How do I balance out the needs of two children on the spectrum and two NT kids?

Answer

Parenting is hard work. Unless you have a child with Asperger’s Syndrome or Autism, you just have no idea about the true demands this adds to everyday parenting. A second child on the spectrum does not always mean more of the same because every child is affected so differently. Balancing the needs of a large family is a full time job, even without Asperger’s Syndrome!
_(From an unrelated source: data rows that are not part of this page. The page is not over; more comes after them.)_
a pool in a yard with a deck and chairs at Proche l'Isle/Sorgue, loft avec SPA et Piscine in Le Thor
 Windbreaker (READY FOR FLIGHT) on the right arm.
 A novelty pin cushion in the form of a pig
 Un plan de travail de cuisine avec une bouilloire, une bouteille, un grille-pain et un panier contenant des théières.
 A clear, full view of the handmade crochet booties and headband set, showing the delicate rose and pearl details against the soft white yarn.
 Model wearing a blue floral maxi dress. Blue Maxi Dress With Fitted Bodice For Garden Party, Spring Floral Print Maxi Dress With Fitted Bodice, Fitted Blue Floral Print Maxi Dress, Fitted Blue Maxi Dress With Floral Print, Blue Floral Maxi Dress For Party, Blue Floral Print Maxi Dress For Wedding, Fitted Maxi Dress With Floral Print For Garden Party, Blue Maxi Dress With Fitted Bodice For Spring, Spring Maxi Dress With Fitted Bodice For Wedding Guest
It is easy to feel overwhelmed and stretched too thin when you have so much on your parenting plate. Planning a strategy to help meet everyone’s needs is necessary. Don’t forget to take care of yourself so you’ll feel like taking care of everyone else.

Taking care of yourself:
  • Participate in support groups focused on the needs of Asperger’s families.
  • Find respite care when you need a break. Everyone deserves to get out and relax for an hour or so.
  • Do not ignore your hobbies. A mother with four kids is going to have to schedule time for hobbies, but it is important to do things you enjoy for relaxation and personal growth.
  • Keep in touch with your friends. You need this form of support. Your friends know you and know how to lift your spirits and keep you motivated.

Taking care of your kids:
  • Spend one-on-one time with each child. Focus a little time each week on each child. They all enjoy the special attention and it gives you a chance to teach each one something new or enjoy a favorite-shared activity.
  • Keep in touch with each child’s teacher. The children spend a big chunk of time at school. Knowing what is going on at school will help you be a more effective parent and advocate for your children.
  • Look for ways to make life fun and ‘normal’ for your family. “Top Ten Tips: A Survival Guide for Families with Children on the Autism Spectrum” by Teresa A. Cardon, M.A., CCC-SLP; foreword by Kristi Sakai is a book that lists practical tips for living with Asperger’s and how to blend all of your family into everyday life situations. Suggestions cover life at home, at school, and in the community.
  • Listen to each of your children. Sometimes moms of many can get so busy that they forget to stop and listen. A few minutes of listening to each child can clarify the causes of problem behavior or illuminate special moments.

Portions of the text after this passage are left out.